Nevertheless these “allies” were more sensible of the liberties they had lost than of the rights they had gained by coming under the expanding wing of Rome. The latter part of the fourth century shows the growing state embarked upon a terrific struggle which lasted on and off from summer to summer for nearly fifty years. Her principal foes were the warlike Samnites of the Southern Apennines, closely akin, it seems, to the dominant race at Rome. This tremendous conflict is clearly the turning-point of Roman history. At various stages nearly all the peoples of Italy rose and enrolled themselves among the enemy, the Latins, the Etruscans, the Umbrians, the Marsi, the Gauls (for they too were brought in again by the Etruscans in their last efforts for freedom) and the Samnites themselves, a race of born fighters under competent generals. Once, in 321 B.C., both consuls and the entire army of Rome were entrapped at the Caudine Pass, but Rome never thought of surrender. Doggedly her Senate refused to know when it was beaten and continued the struggle. Fortunately it was one purpose against many, and Rome beat her enemies in detail until she was able to emerge victorious.

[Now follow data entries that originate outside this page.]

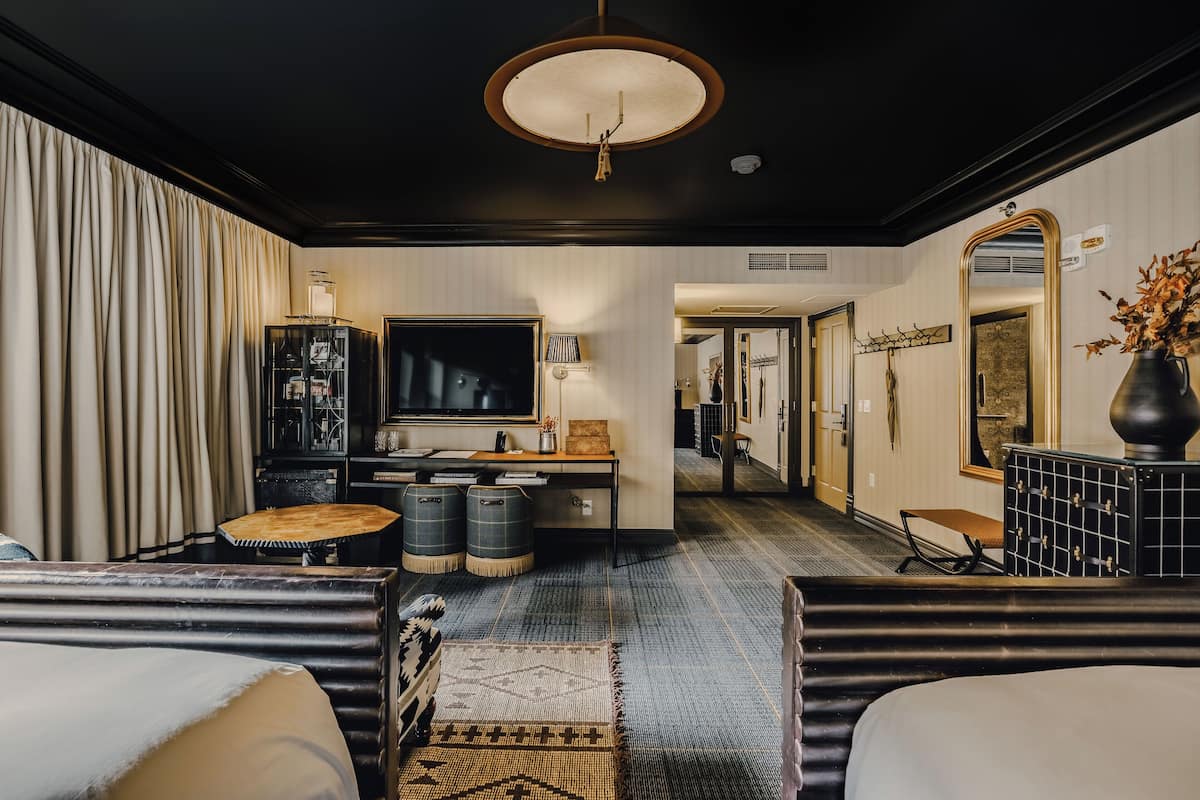 Suite Junior, 2 grands lits, accessible aux personnes malentendantes (Mobility w/Tub) | Draps en coton égyptien, literie de qualité, couette en duvet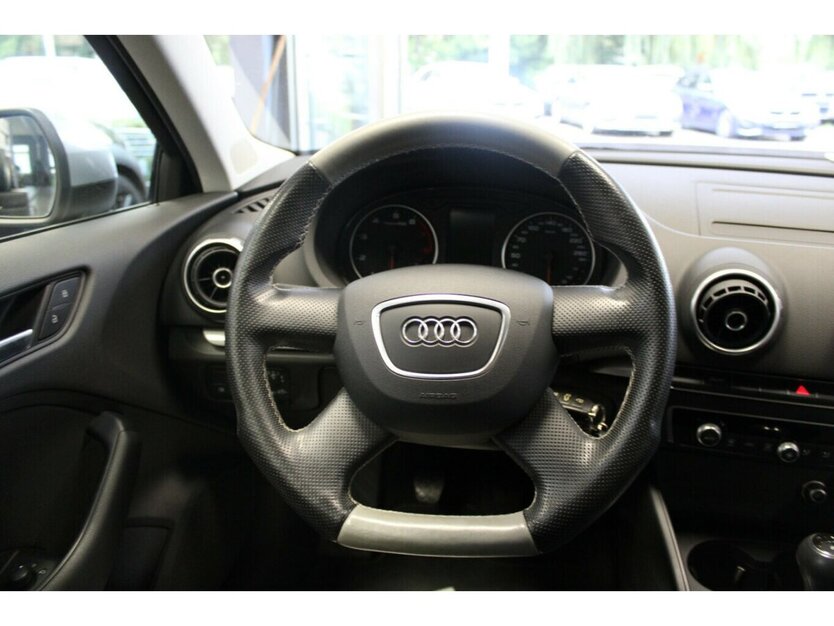 Audi A3 1.4 TFSI ultra Attraction 120.877 km 10.980 € Euskirchen 53881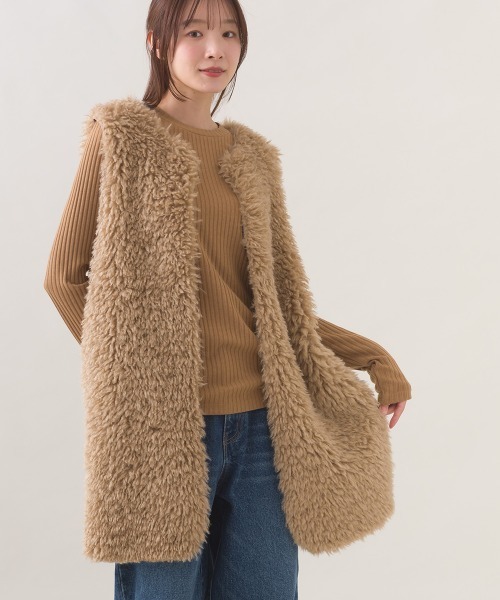 OMNES（オムネス）の「ノーカラープードルファーロングジレベスト（ベスト・レディース・ブラウン/ダークグレー/ベージュ・FREE）」の4枚目の写真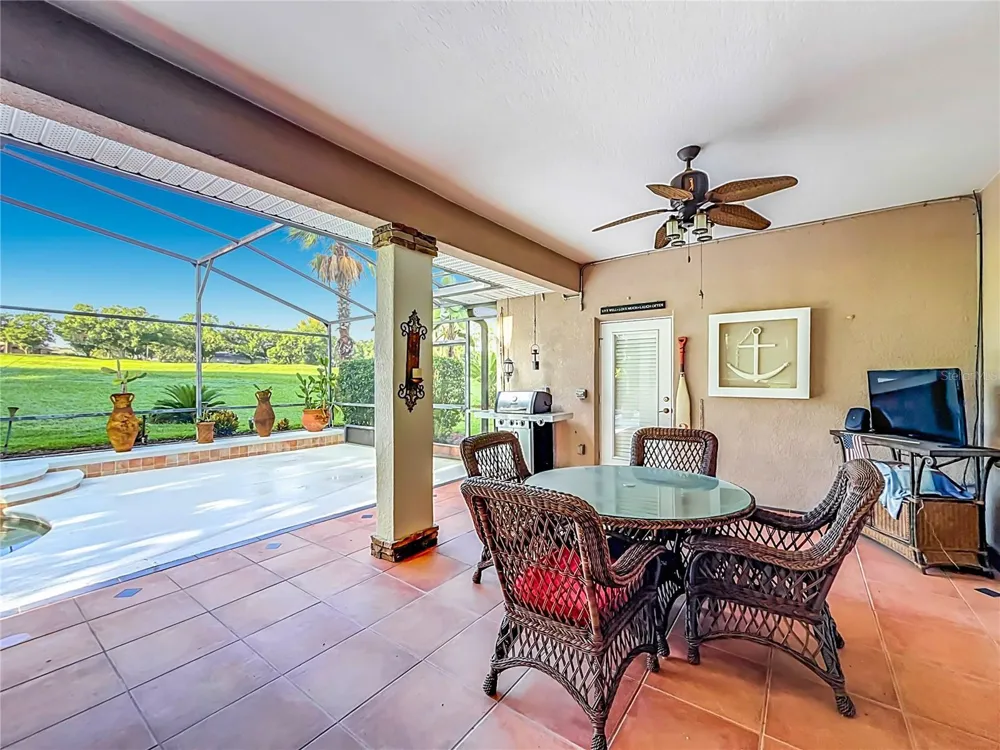 9833 SPRING LAKE DRIVE Clermont, FL 34711
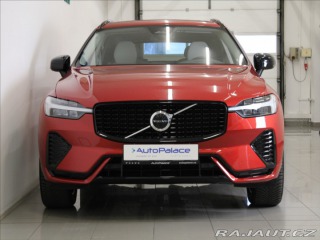 Volvo XC60 2,0 B4 AWD PLUS Dark PANO 2024
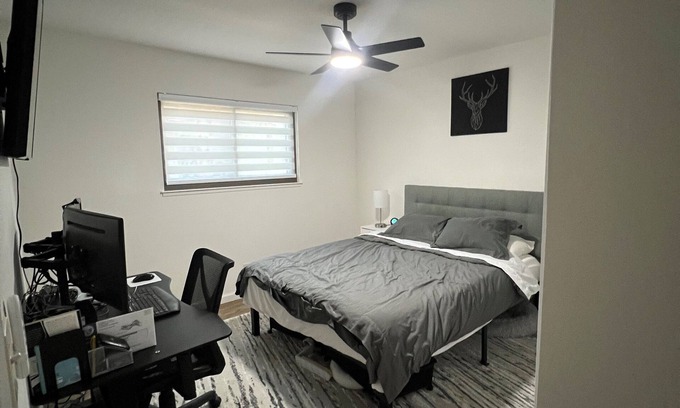 Al Tahoe Apartment | Cozy 2-Bedroom Apartment in Al Tahoe Ideal for Remote Workers & Ski Enthusiastsn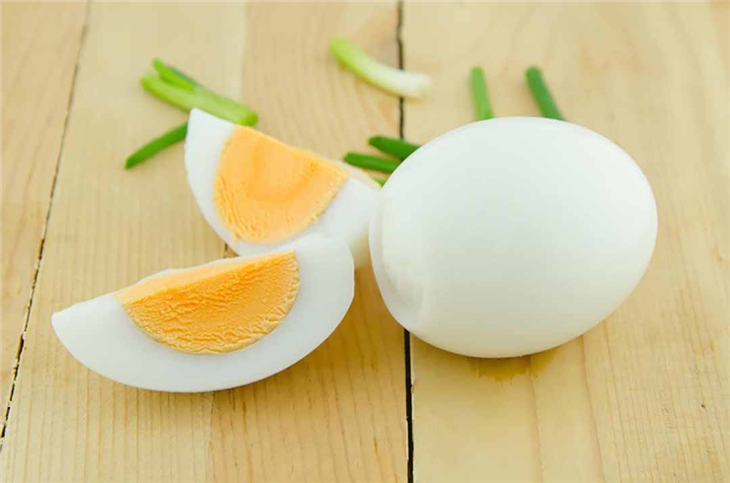 Trứng luộc là món ăn đơn giản cho bữa sáng của người bệnh gout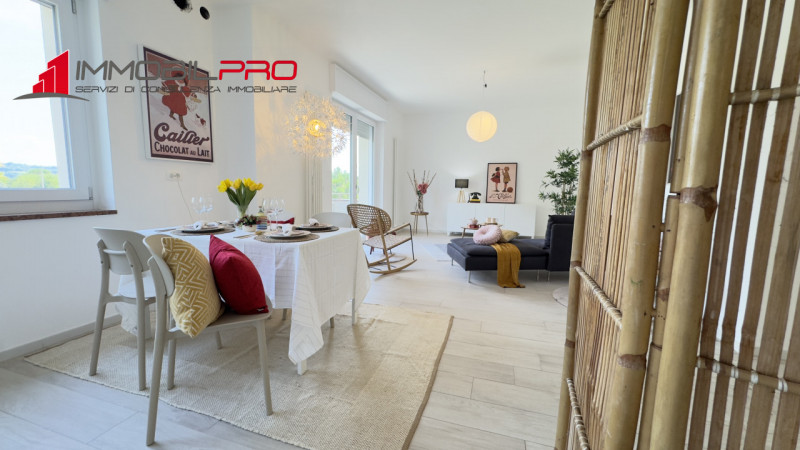 NUOVO TRICAMERE AL PIANO TERRA RIALZATO IN CLASSE A1!!!


Proponiamo in vendita meraviglioso appa...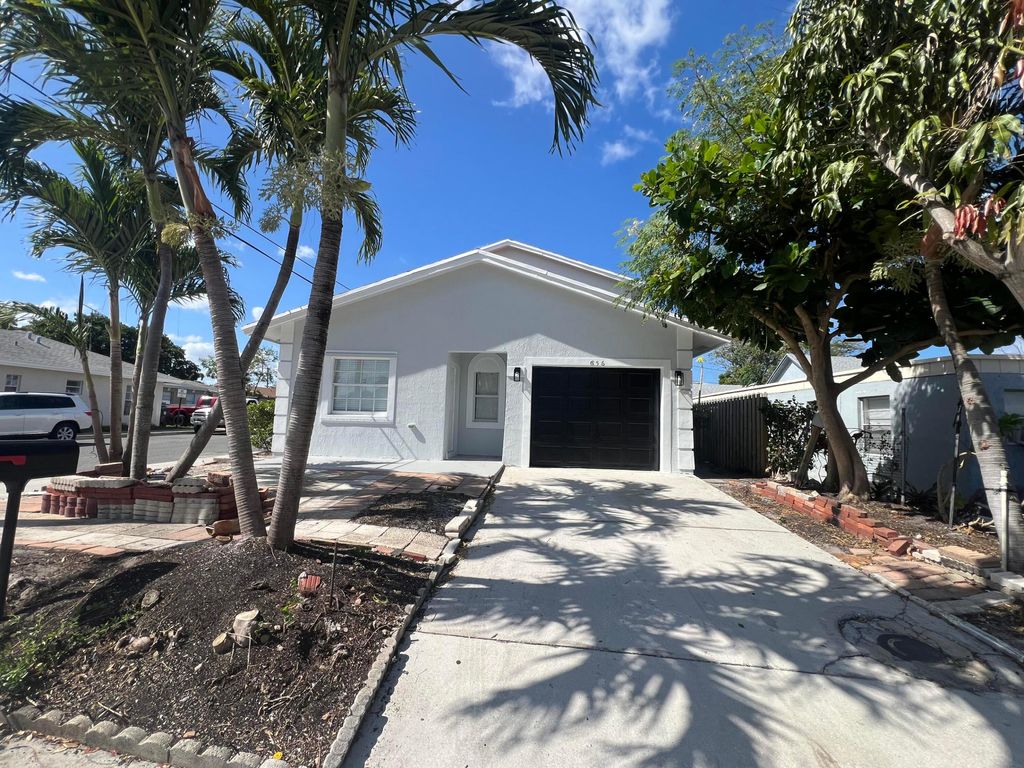 Photo of 656 Latona Avenue, Lake Worth Beach, FL 33460 (MLS # R11083123)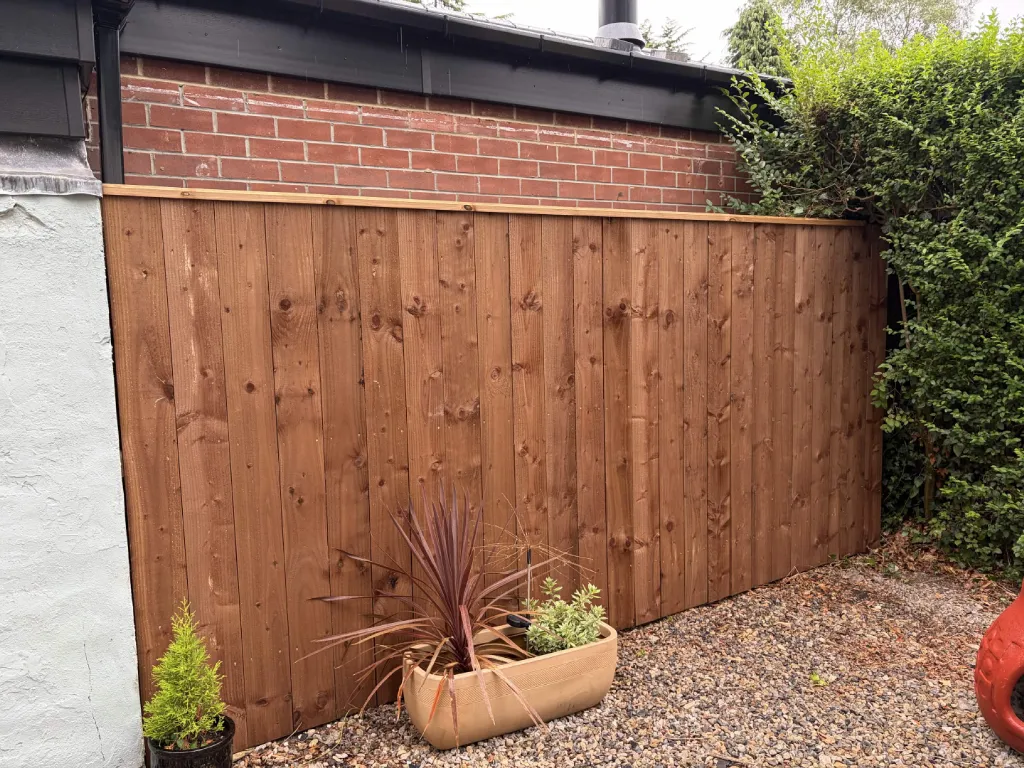 Close Boarded Fencing installation example 12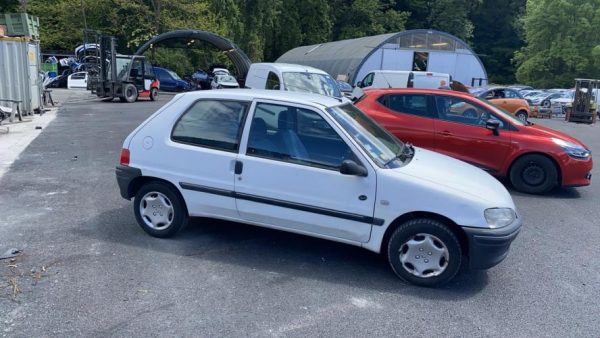 Feu arriere principal droit (feux) PEUGEOT 106 PHASE 2 Essence - Image 4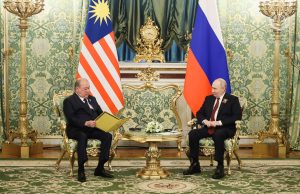 Putin zahir penghargaan atas lawatan Sultan Ibrahim sempena Hari Kemenangan di Moscow – Duta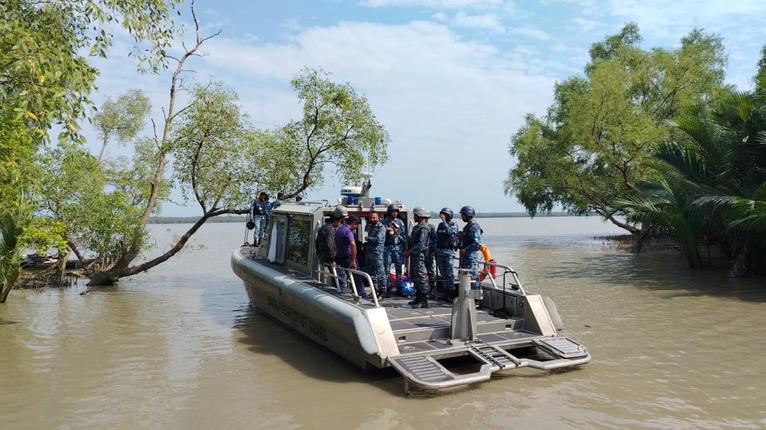 বাগেরহাটে সুন্দরবনে দস্যু দমনে দ্বিতীয় দফা যৌথ অভিযান শুরু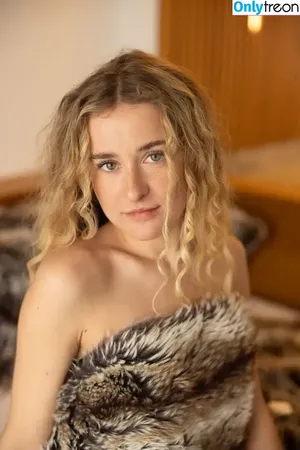 Sara russek / JonasHaid nude photo #0100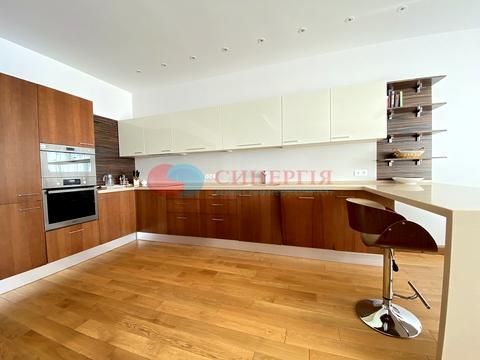 квартира по адресу Кловский спуск, 7a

The history of that great conflict has come down to us in an incomplete state full of fairy-tales and omissions, but it is clear that the Roman Senate showed extraordinary resolution and tenacity, as it did in the next century against foreign enemies. Beaten to its knees again and again it refused any terms of peace short of victory. That is a marvellous thing, if Rome was really one among many towns of Latium. It is to be noted that this was the war in which she learnt the new system of fighting whereby she was fated to conquer the world. Hitherto in ancient warfare a battle array had meant a solid line in which the men stood shoulder to shoulder in several ranks, pressing on with spear and shield against a similar line of the enemy. It was largely a question of weight in the impact. You tried to make your line deep enough to prevent yielding and long enough to envelop the enemy’s flank: once you could turn or break the enemy’s line victory was yours. But the Romans, either because they were often outnumbered on the field of battle, or, as some say, in fighting the Gallic warriors with their long swords, found it necessary to fight not shoulder to shoulder but in open order—not in a solid phalanx but in open companies or “maniples.” This had a far-reaching effect: it made every Roman soldier a self-reliant unit, who could fence skilfully with his favourite weapon, the sword, instead of merely pushing a long pike as his neighbours did. It is clear that only an army of natural soldiers could have adopted such an innovation successfully. Once established, it made the Roman soldier invincible. The maniple of 200 men was not only far more mobile than a solid phalanx, but it covered a length of ground equal to that of three times its own numbers. Formerly only the front rank—the principes—had required a full suit of armour and it was only the richest who could afford it. Now the whole army had to be properly equipped, and this reacted upon the social and political system of the city.